Repeat the lines below exactly as written, please, from the line with "Kids Pattu Pavadai" to the line with "RPVB991 rendimiento negro", both lines included, and no others.

DATA UNDER STUDY below:

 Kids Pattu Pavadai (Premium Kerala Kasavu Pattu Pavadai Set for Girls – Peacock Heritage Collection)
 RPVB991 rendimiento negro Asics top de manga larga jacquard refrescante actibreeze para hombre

End of DATA UNDER STUDY.
DATA UNDER STUDY below:

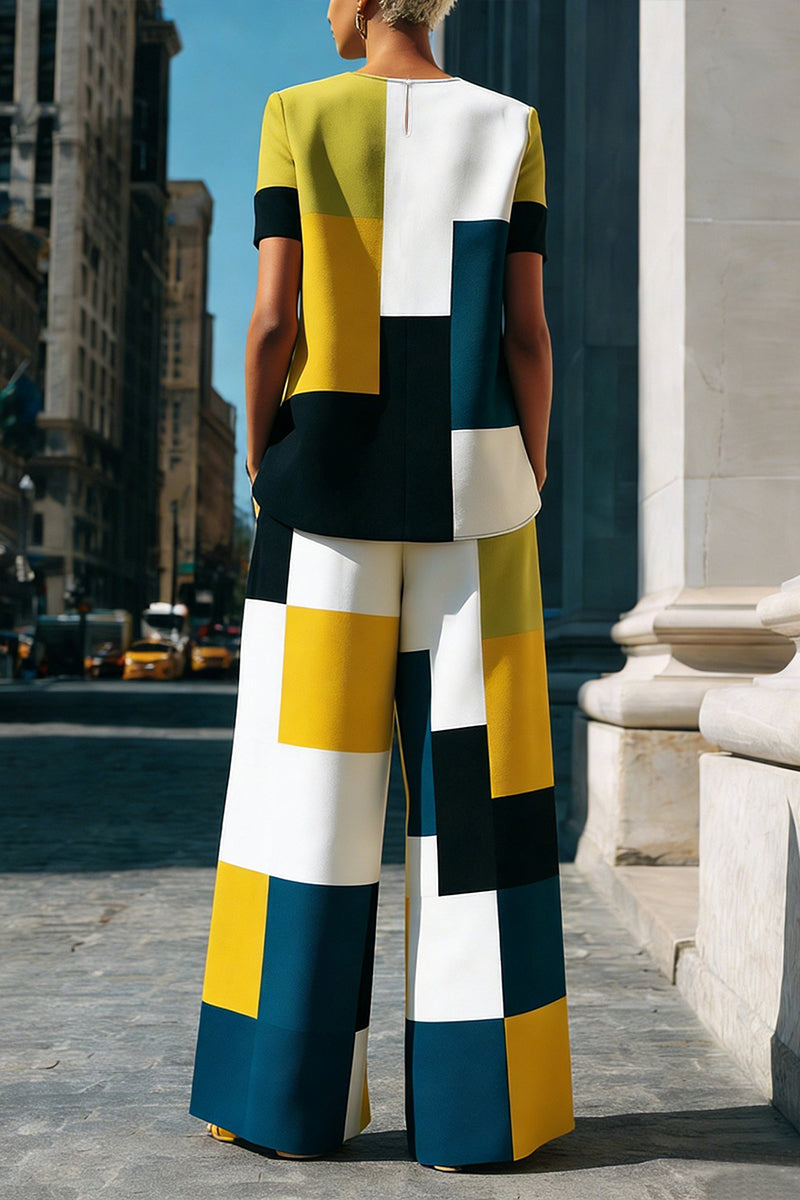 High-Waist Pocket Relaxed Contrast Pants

End of DATA UNDER STUDY.

**EXERCISE ANSWER**
 Kids Pattu Pavadai (Premium Kerala Kasavu Pattu Pavadai Set for Girls – Peacock Heritage Collection)
 RPVB991 rendimiento negro Asics top de manga larga jacquard refrescante actibreeze para hombre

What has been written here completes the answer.